Show np-completeness of Disjoint Hamiltonian Path

Consider the problem of Disjoint Hamiltonian Path:

Input: A graph which may be directed or undirected

Output: Does this graph exist at least 2 Hamiltonian Paths that are edge-disjoint? Edge-disjoint means that no single edge is shared by two paths.

Show that Disjoint Hamiltonian Path is np-complete.

I have been told that this problem is np-complete, but I couldn't prove it is np-hard. I tried reducing the original Hamiltonian Path and Hamiltonian Cycle to this problem but I couldn't think of a solution.

I came up with the following reduction, not sure if it's the simplest but it is simple.
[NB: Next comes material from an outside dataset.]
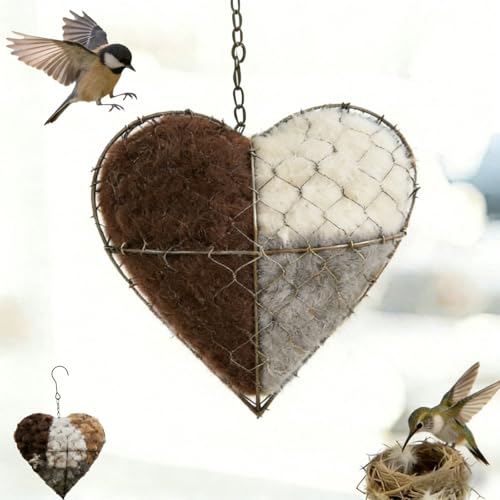 Handmade Fiber Bird Nesting Heart, Winter Tree Shelter for Wild Birds,Birds Nests Material Holder, Hummingbird Nest Boxes for Outside, Gardens, Courtyards, and Outdoor Bird Shelters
Suppose G is an undirected graph corresponding to an instance of HP. Now construct a new graph G' in the following way:

• Keep every vertex from G.
• For every edge (u,v) in G, create 4 additional vertices and connect them in the following way :

Now it is easy to see that if G has a Hamiltonian path, G' will have two edge-disjoint Hamiltonian paths, because every edge was replaced by some subgraph which itself has two edge-disjoint Hamiltonian paths (go straight or take the curvy edges). And if G' has a HP, then so does G because once you enter the subgraph corresponding to one of the original edges you have no choice but to get out of it on the other end, which corresponds to taking the original edge in G. The only "problem" that could occur is if the path were to start or end inside one of these subgraphs, but then we can just ignore the small part of the path which is inside and still get a HP for G.

And notice that G' has a HP => G has a HP => G' has two edge-disjoint HPs. Thus, G has a HP <=> G' has two edge-disjoint HPs.

The transformation can obviously be done in poly-time, thus your problem is NP-Hard.

The directed case is similar, just direct the edges in the transformed graph accordingly.